While the overall impact of rail operator Aurizon’s plan to lower coal throughput guidance on its key Central Queensland Coal Network by 20 million mt/year remained unclear Friday, some miners said they had already received notice of reduced contract railings for prompt deliveries.
Earlier in February, the Queensland Competition Authority in a draft maintenance and operating plan capped the rail network’s allowable revenue for the next four years at A$3.9 billion ($3.1 billion), A$1 billion less than the company had projected.
In response, Aurizon announced on February 12 it would lower throughput guidance on its Central Queensland Coal Network by 20 million mt/year in fiscal 2017-18 to 210 million-220 million mt, from 215 million mt-225 million announced earlier.
It said the authority’s draft plan would mean it would have to prioritize lowest-cost maintenance over flexibility, with no trains passing during work schedules.
Some miner sources said they had already seen an immediate effect on their contract railings.
One miner source said he had been told that he would get some reductions of his contract railings next week, and had several of his trains cancelled.
“It is a big issue,” he said, adding that it is possible that clients may not know the full effects as it is possible due to an information lag in mining companies.
The source added that in view of recent rains in Queensland Australia and reduced railings by Aurizon that the company was not looking to offer any spot coal in April.
The combined issues are “more serious than meets the eye,” the source said.
Another miner source also said he had received notice on his contract railings, and while declining to reveal the exact tonnage affected, said it was “not insignificant.”
Aurizon could not be reached for comment.
MARKET YET TO REACT
While supplier sources said that if the cuts were to eventuate, the effect on supply would be serious, buyers have yet to react.
However, several miner and buyer sources said there was also skepticism over whether the rail company could truly reduce volumes by 20 million mt/year.
While premium metallurgical coal prices have strengthened by $15/mt since February 1 to $232.50/mt FOB Australia Friday, with several trades to markets outside China such as India, both seller and buyer sources said these trades were not related to concerns over the Aurizon issue.
One miner source said if the cuts were to take place, the effect could be “bigger than that of Cyclone Debbie” and while there had been little reaction from buyers yet, “it’s a sleeping beast, yet to bite.”
Cyclone Debbie took close to 16 million mt out of the market in April last year, causing a spike in prices of 100% within a month following the cyclone, to $304/mt FOB Australia, for premium low vol coal, according to S&P Global Platts data.
This appeared to be largely due to the uncertainty over the situation.

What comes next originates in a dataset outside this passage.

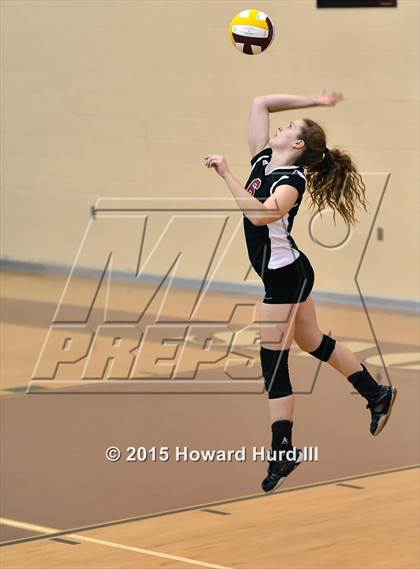 Thumbnail 1 in Cedar Hill vs Saginaw (EMS-ISD Tournament) photogallery.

The state competition authority has not commented since its draft report was released.
Sources at two major steelmakers said they were closely monitoring the situation, but had not reacted.
One said he had yet to receive concrete information from suppliers and was waiting for updates. Two sources said the signals they received from Australian suppliers thus far had offered nothing definitive.
One of the steelmakers indicated that they had been diversifying their coal supply options already and hence did not believe there was a need to seek for urgent contract volumes elsewhere.
The relatively muted reaction thus far was confirmed by a non-Queensland met coal supplier who had not seen customers seeking to request extra volumes since the announcement yet.
“This should have medium term impact, not short term,” he said, although adding the longer-term impact would be significant. However, he said it may result in other options emerging to cover any supply gap.
The seaborne coking coal market has seen price spikes in the last two years, mostly driven by supply disruptions and weather conditions in Australia. Spot prices for Platts premium low vol coking coal quadrupled year over year in 2016 and, during cyclone Debbie, Platts premium coal prices saw their largest daily increase of US$58.50 (or 32%), to US$241/t FOB Australia April 5.
According to estimates for coking coal exports in 2017 by Goldman Sachs, Australia will made up 58% of global exports, with global exports estimated at 295 million mt.